■ THE DATA:
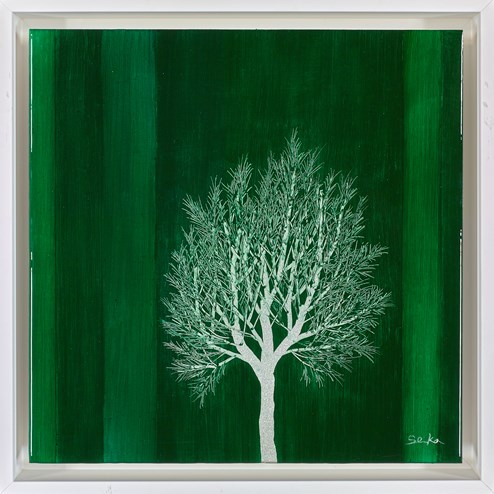 Emerald Sky IV by Nakisa Seika - Glazed Original Painting on Board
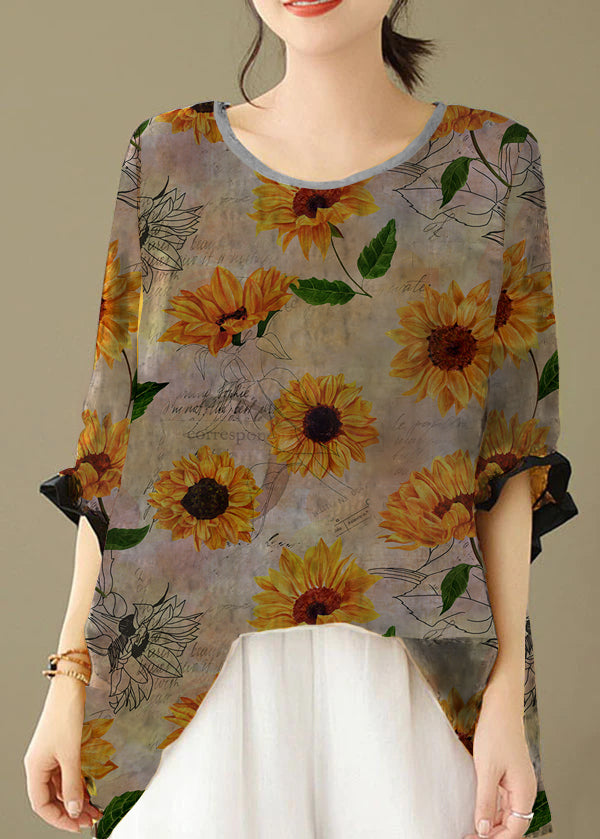 Orange yellow- floral Print Patchwork Cotton Loose Tops O Neck Summer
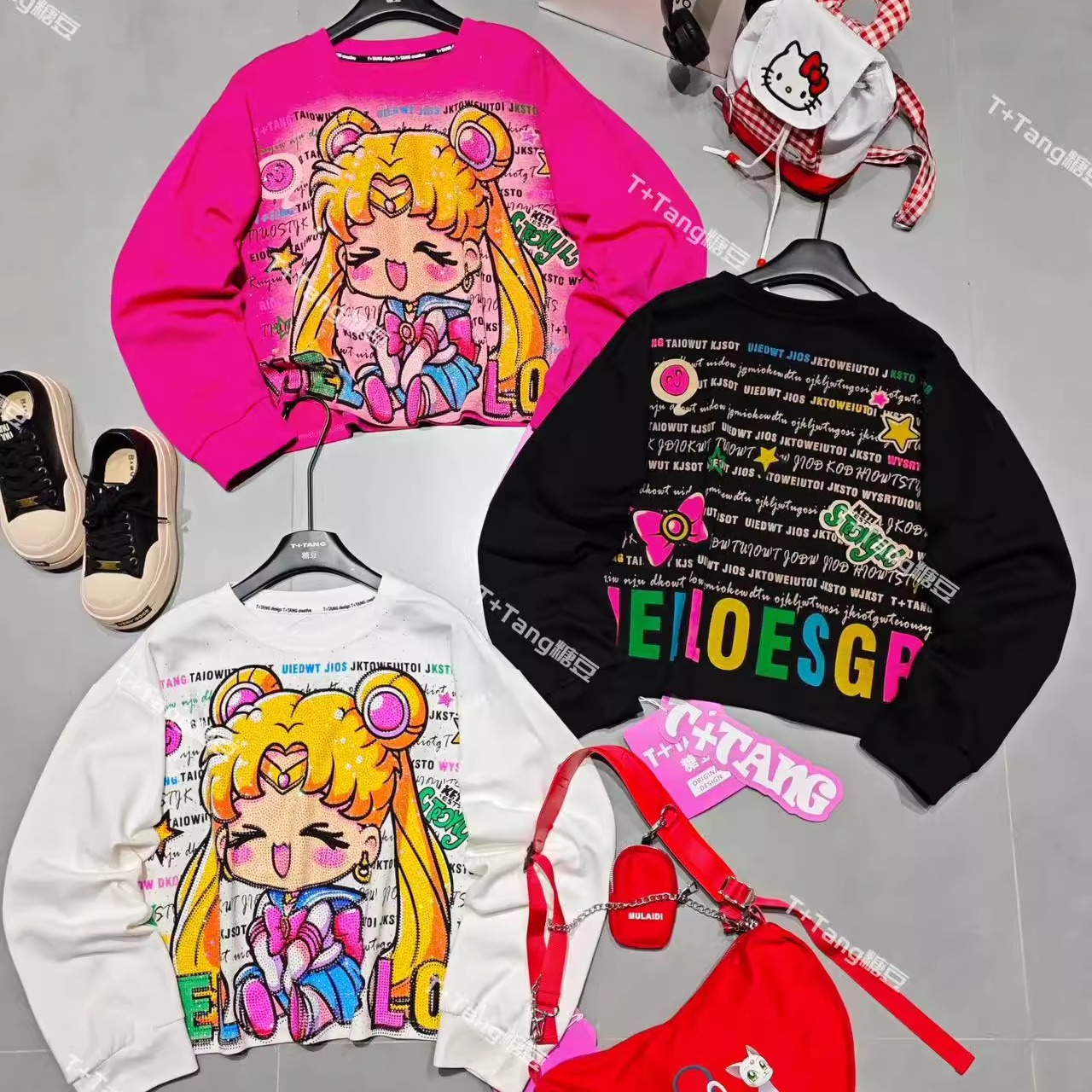 T+潮牌欧货时尚重工烫钻美少女可爱减龄小个子卫衣圆领长袖上衣女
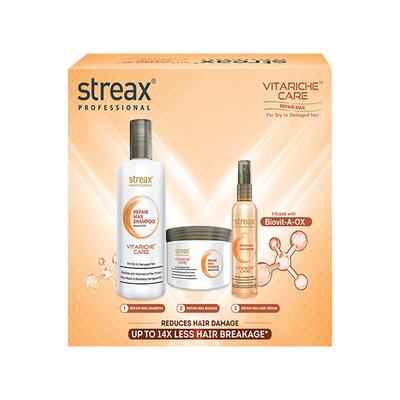 Streax Professional Vitariche Repair Max Post Care Combo Kit ( Shampoo + Masque + Serum) 600 ml - Hair Sets & Kits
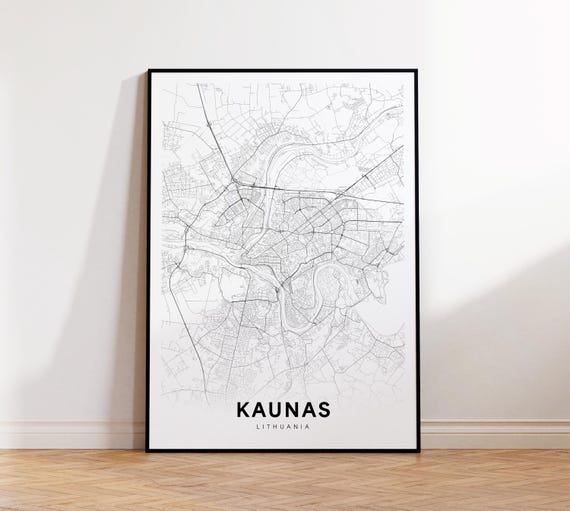 Kaunas City Map Print Lithuania Modern Poster Decor Instant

■ ACTIVITY:
Your answer must restate the entries word for word and contain no pictures.

■ RESPONSE TO THE TASK:
 Emerald Sky IV by Nakisa Seika - Glazed Original Painting on Board
 Orange yellow- floral Print Patchwork Cotton Loose Tops O Neck Summer
 T+潮牌欧货时尚重工烫钻美少女可爱减龄小个子卫衣圆领长袖上衣女
 Streax Professional Vitariche Repair Max Post Care Combo Kit ( Shampoo + Masque + Serum) 600 ml - Hair Sets & Kits
 Kaunas City Map Print Lithuania Modern Poster Decor Instant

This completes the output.